Fashion
A Solemn Plea to Take Care of Yourself Today
You’ll be needed whatever the result, and you’re no good to anybody if you burn out….
First, how are you doing? How is your anxiety today? How was your morning doomscroll? Careful, the rampant feed-refresh can be corrosive, your unease calcifying into full-body exhaustion or even rage. How many 140-character opinions have you read? How much conjecture? Are you panning for facts like a pioneer in the gold rush?

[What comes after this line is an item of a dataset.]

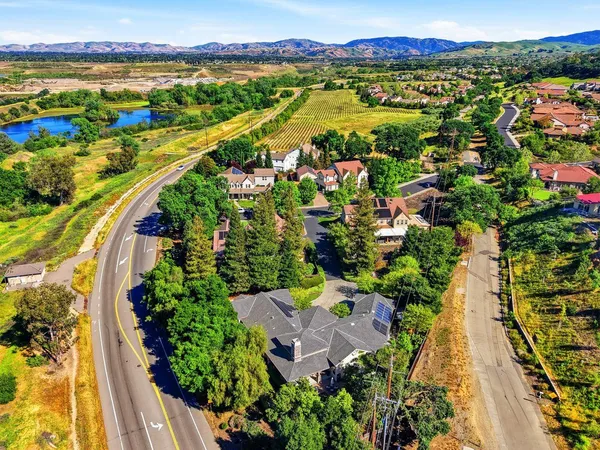 an aerial view of residential houses with outdoor space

I love a good fact: pub trivia or those little cheeses in Trivial Pursuit. There’s something so reassuring and comforting about undiluted certainty, about accuracy. It makes me feel safe. Sure, I love a good rumor too—mostly harmless curios of gossip pivoted on a slither of fact as thin as a crescent of a toenail—but it’s real facts that I can’t quit. These days, even with help from Twitter disclaimers, I’m finding it harder and harder to see the truth. To sift fact from widespread fiction. To know what I believe to be true—that health care is a human right, not a socialist bugbear, for example—and how that factors with these exit polls. Does it not seem like common sense to protect the most vulnerable, to wield power in a way that doesn’t dominate but safeguards? Have we been naive in hoping, in believing? Doubt that change is possible is creeping in like carbon monoxide, disbelief that things can even be this close at this stage.
As we hold our collective breath for a result, it can feel impossible to trust that we all breathe the same air. Surely we’re all experiencing the same injustice? The same civil disquiet? The same transparent spin and denial? Surely we all want to extinguish the intolerance, the conspiracy-driven arguments, the pussy-grabbing? It’s difficult to get your head around the constant rhetoric, the insinuation and the allegation, the throwaway brags of criminality, the mockery of the democratic system itself. But somehow millions of people are removing their masks and voting for it.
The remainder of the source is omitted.